La petite place du vélo dans la ville-centre
Très engagée auprès des enfants pour le « savoir rouler », l’association locale se montre très critique sur ce qu’elle appelle les « pas en arrière » de la ville-centre de Lunéville, qui contraste avec l’orientation prise par la Communauté de communes.
Pour l’association, en effet : « La commune de Lunéville n’adhère pas vraiment au dispositif : sa stratégie actuelle est de passer le maximum de rues en zone 30 pour pouvoir éviter, voire supprimer des aménagements cyclables. »
L’association doit se battre pour obtenir que les bandes cyclables soient de largeur correcte, et contre la forte tendance à peindre des logos vélo au sol en guise d’aménagements cyclables.
VéloLun’ pointe aussi « le refus de comprendre le côté sécuritaire des « cédez-le passage cyclistes aux feux » et de tenir compte des expériences positives dans le reste de la France ». Alors sans attendre que les choses évoluent, elle organise des manifestations en ville pour poser des panneaux de tourne-à-droite en carton plastifié… et invite le président de la FUB à un débat sur la place du vélo en ville.
Rendez-vous dans quelques mois pour faire un premier bilan de cette expérience !
Vers un savoir rouler gratuit pour tous
Le conseiller interministériel Education nationale au Ministère de l’Intérieur, Cyril Desouches, a confirmé au cours de la journée d’études de la FUB que le « savoir rouler » était bien programmé, avec comme objectif une généralisation « à l’aube de l’année 2022 », et que cette formation était bien gratuite pour tous les élèves, ce que demande la FUB au nom de l’égalité républicaine. Cela dit, il reconnaît que sur « la question du financement, on est en train d’en discuter ». Deux motivations retiennent particulièrement le conseiller interministériel : le nombre d’accidents mortels en augmentation chez les cyclistes, et la progression de l’obésité. Il n’oublie pas pour autant les arguments plus positifs, comme le « vivre ensemble et la citoyenneté », dans un contexte où « le but, c’est de permettre à ces jeunes de pouvoir aller au collège à vélo ».

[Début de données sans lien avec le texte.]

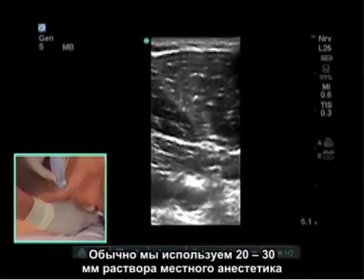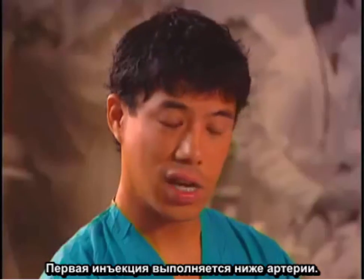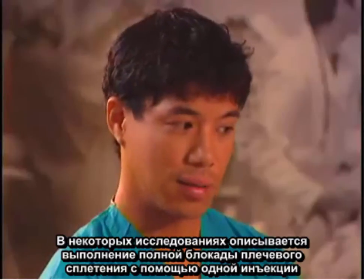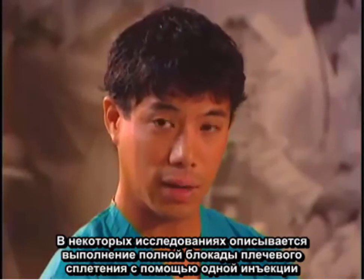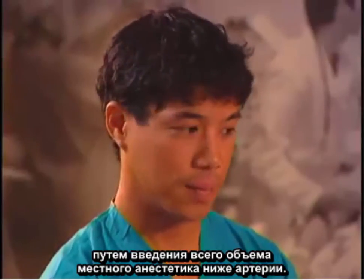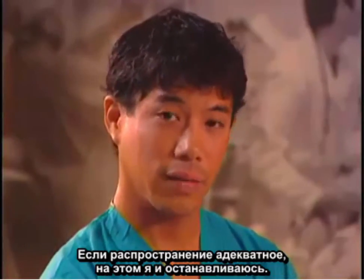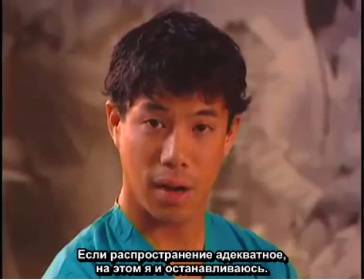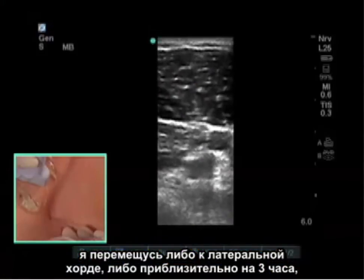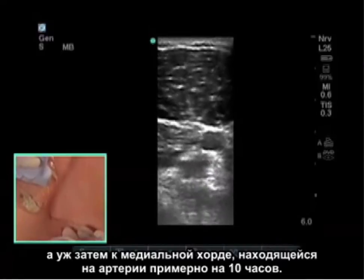Typically we use about 20 to 30 milliliters of local anesthetic for the infraclavicular block. Our first injection will be below the artery. Some studies have described a single injection depositing the entire local anesthetic below the artery resulting in a complete brachial plexus block. Usually I do my first injection below the artery and look at the spread. If the spread is adequate, I'll stop there. If I need to reposition, I'll go to the lateral cord at approximately 3 o'clock and then to the medial cord at about 10 o'clock on the artery.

Avant la généralisation, bien des initiatives font du « savoir rouler » un levier essentiel pour le développement du vélo au quotidien comme à Lunéville. Autre exemple à Rennes, où Sylviane Rault, adjointe à la mobilité, met en avant l’apprentissage du vélo en milieu scolaire avec la collaboration de l’association Roazhon mobility, dont la vélo-école s’adresse aux adultes comme aux enfants, et aux entreprises. Sur les deux dernières années, 18 écoles publiques et privées en ont bénéficié, soit 35 classes représentant au total 847 élèves. Rennes où la part modale du vélo est aujourd’hui de 3,7 %, mais avec une progression de 13 % chaque année, et où l’adjointe à la mobilité vise l’objectif de 20 %. Objectif qui ne pourra être atteint qu’en portant l’effort aussi sur les voies cyclables. Un réseau express vélo est en cours d’aménagement : 6 km ont à ce jour été réalisés sur les 20 km prévus.